Furthermore, the normal latch address select signal
ST_ADD1_NM<1:N> inputted to the select address transmission
unit 310 may be low-disabled during the SPPR mode.
[0113] The OR gate 414 of the select address transmission unit 310
may high-enable and output the second select signal ST_SIG2 to the
PPR fuse set unit 424 in response to the high-enabled SPPR latch
address select signal ST_ADD2 and the high-enabled second control
signal RS_CTRL2. Furthermore, the external repair address SPPR_XA
may be applied to the AND gate 454 of the repair address
transmission unit 350. The AND gate 454 may output the external
repair address SPPR_XA as the second repair information signal
RA_SIG2 in response to the high-enabled second control signal
RS_CTRL2. The PPR fuse set unit 424 may receive the second
high-enabled select signal ST_SIG2, the second repair information
signal RS_SIG2, and the high-enabled fuse set setting signal
FS_SET. The PPR fuse set unit 424 may latch the second repair
information signal RS_SIG2, which is the external repair address
SPPR_XA, in response to the high-enabled fuse set setting signal
FS_SET.
[0114] Second, suppose that the external repair address SPPR_XA is
not the same as the second normal latch address LT_ADD2 outputted
from the second normal fuse set unit 422 of the fuse set unit
320.
[0115] When the semiconductor memory device enters the SPPR mode,
the SPPR enable signal SPPR_EN may be high-enabled.
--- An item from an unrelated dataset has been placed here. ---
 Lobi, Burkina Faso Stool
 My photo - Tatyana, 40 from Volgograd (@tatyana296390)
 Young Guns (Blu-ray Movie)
Then, as the
active command is applied, the external repair address SPPR_XA may
be applied to the comparison unit 330. The comparison unit 330 may
compare the second normal latch address LT_ADD2 outputted from the
second normal fuse set unit 422 to the repair address SPPR_XA.
[0116] The comparison unit 330 may low-disable the second match
signal MATCH<2> as the comparison result of the XNOR gate
XNOR. The second NAND gate 442 of the first path control unit 341
may high-enable the first control signal RS_CTRL1<2> in
response to the high-enabled SPPR enable signal SPPR_EN and the
low-disabled second match signal MATCH<2>. The NAND gate 444
of the second path control unit 342 may high-enable the second
control signal RS_CTRL2 in response to the ground voltage level
signal VSS_SIG.
[0117] The second OR gate 412 may low-disable the first select
signal ST_SIG1<2> in response to the first control signal
RS_CTRL1<2>, which is inverted to a low level, and the
low-disabled normal latch address select signal ST_ADD1_NM2. The
low-disabled first select signal ST_SIG1<2> may be
transmitted to the second normal fuse set unit 422. The AND gate
452 of the repair address transmission unit 350 may transmit the
first repair information signal RA_SIG1<2>, which is the
external repair address SPPR_XA, to the second normal fuse set unit
422 in response to the high-enabled first control signal
RS_CTRL1<2>.
[0118] Then, when the write command is applied to the semiconductor
memory device during the SPPR mode, the fuse set setting signal
FS_SET and the SPPR latch address select signal ST_ADD2
corresponding to the PPR fuse set unit 424 may be high-enabled.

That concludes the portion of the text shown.